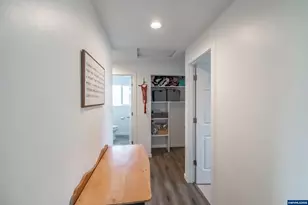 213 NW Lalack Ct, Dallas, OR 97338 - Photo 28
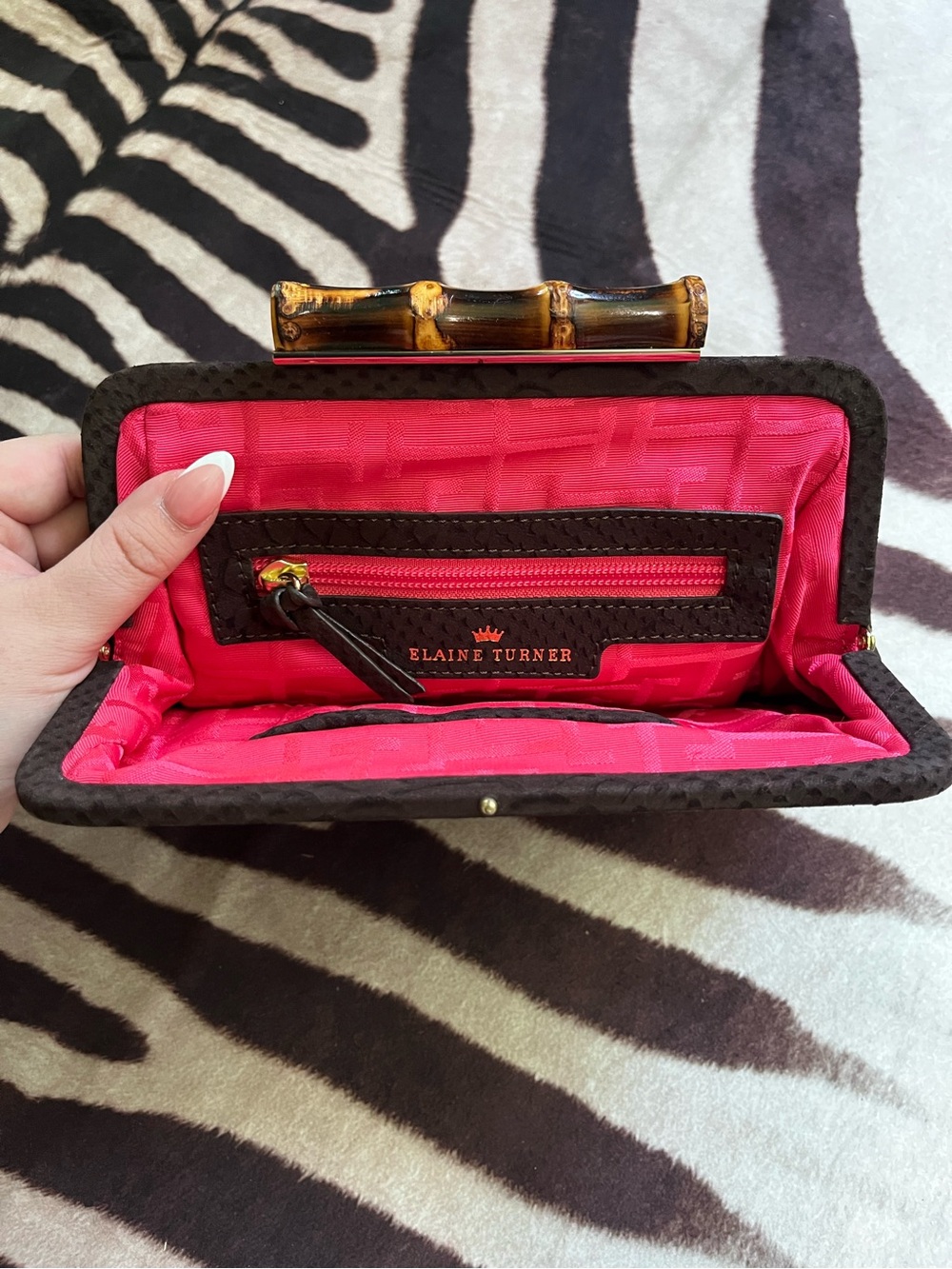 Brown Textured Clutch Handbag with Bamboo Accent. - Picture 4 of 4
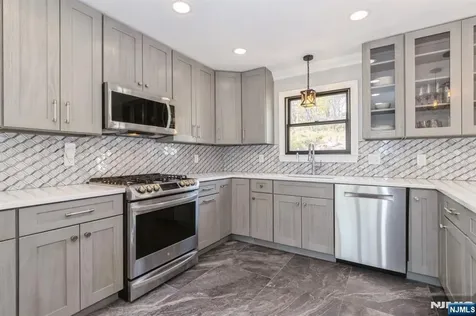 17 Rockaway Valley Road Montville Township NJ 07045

********

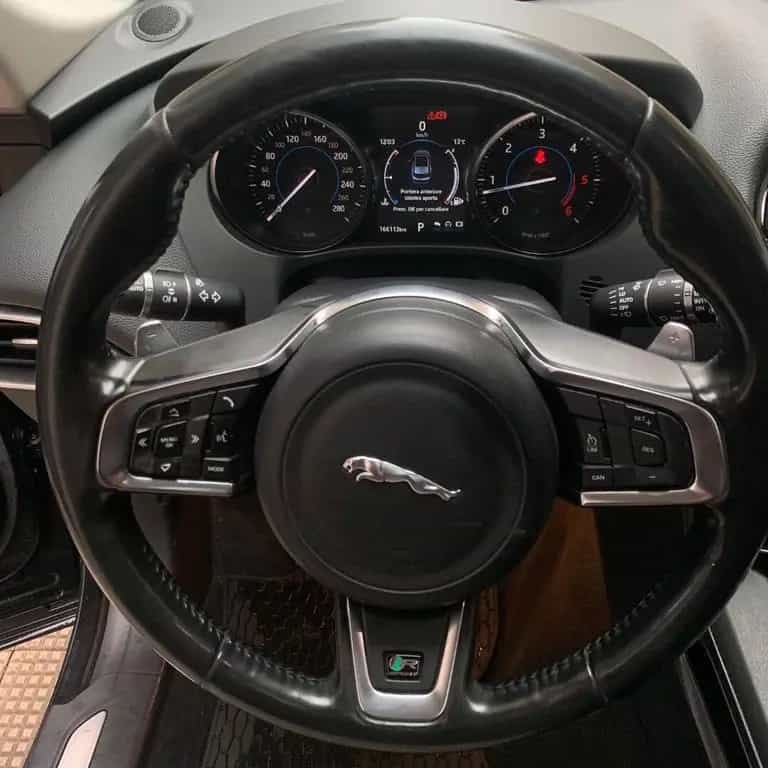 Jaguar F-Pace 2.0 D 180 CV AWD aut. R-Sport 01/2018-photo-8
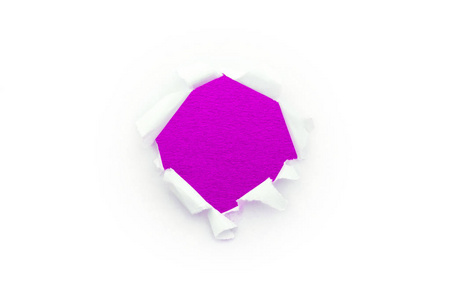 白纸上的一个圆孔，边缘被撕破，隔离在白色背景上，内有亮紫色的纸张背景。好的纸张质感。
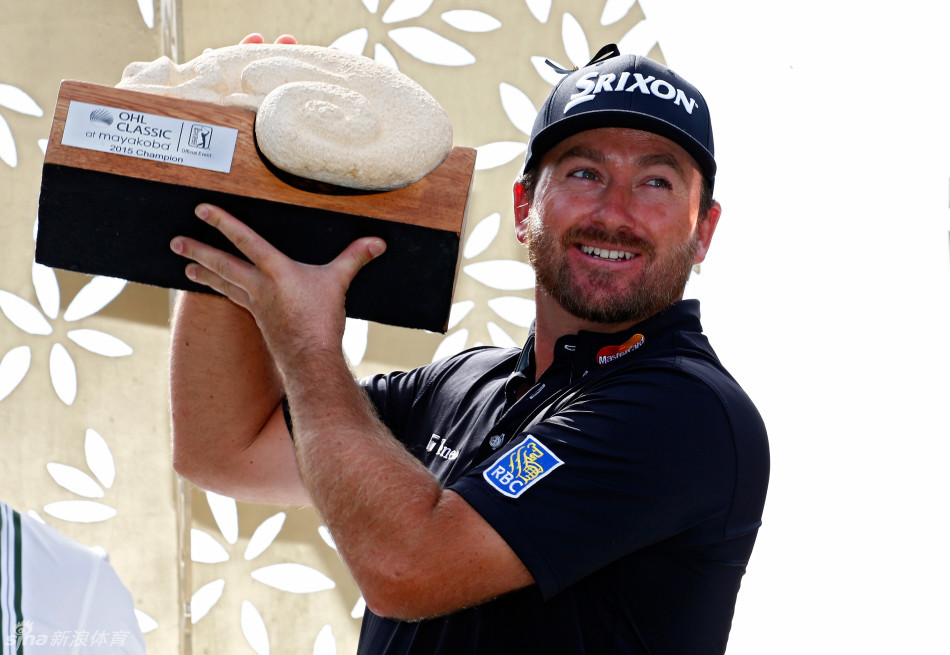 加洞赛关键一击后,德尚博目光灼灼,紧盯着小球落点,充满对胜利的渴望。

********

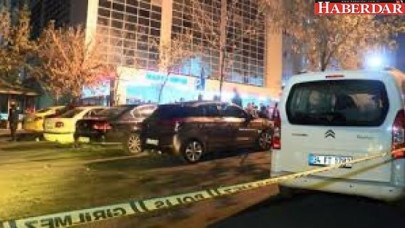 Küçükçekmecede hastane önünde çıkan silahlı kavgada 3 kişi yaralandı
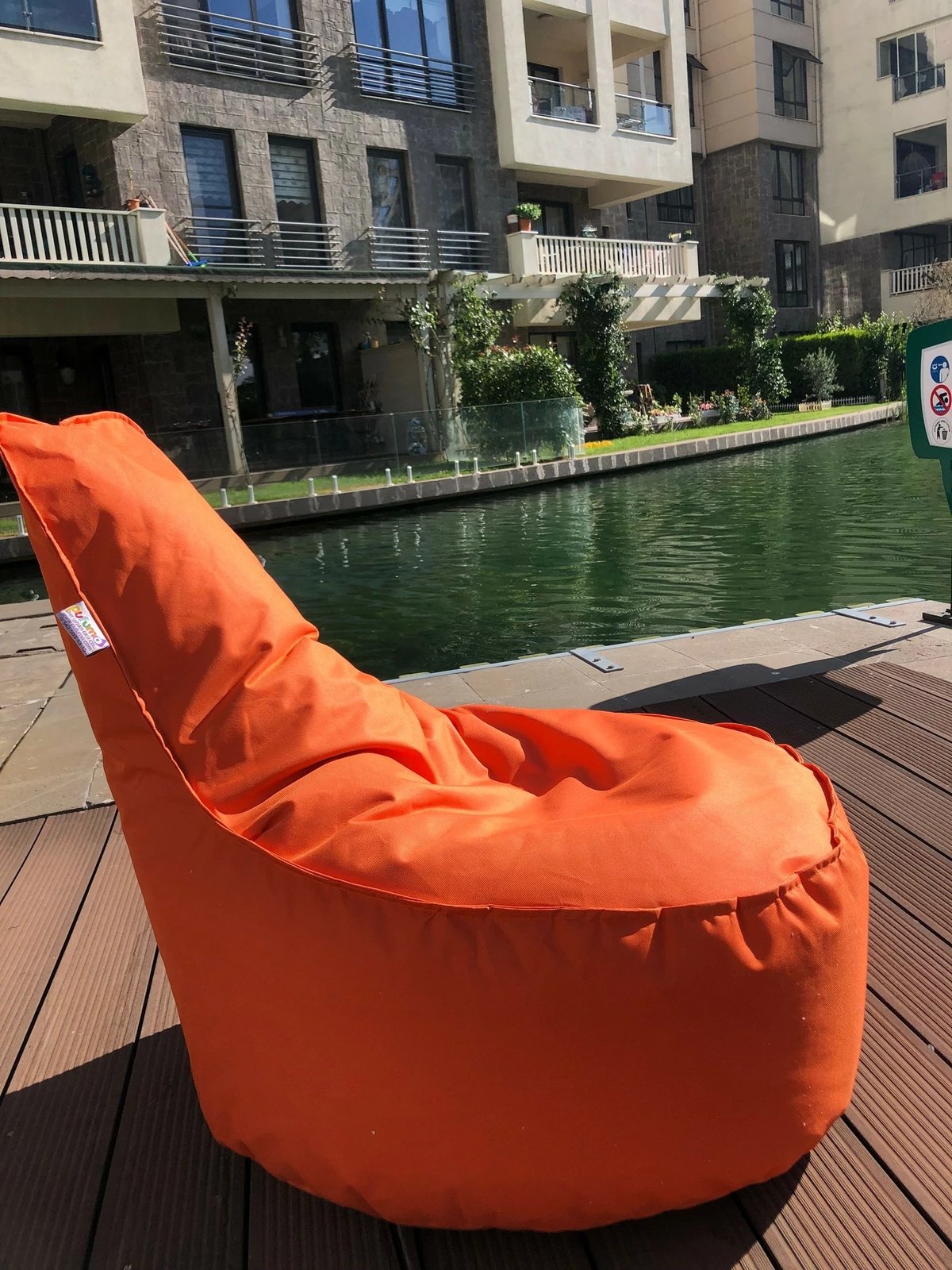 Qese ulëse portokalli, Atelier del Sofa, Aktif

********

## Required work
The answer should consist only of the lines above from the one with "Küçükçekmecede hastane önünde" through the one with "Qese ulëse portokalli, Atelier", repeated exactly, with no pictures among them.

## Written reply
 Küçükçekmecede hastane önünde çıkan silahlı kavgada 3 kişi yaralandı
 Qese ulëse portokalli, Atelier del Sofa, Aktif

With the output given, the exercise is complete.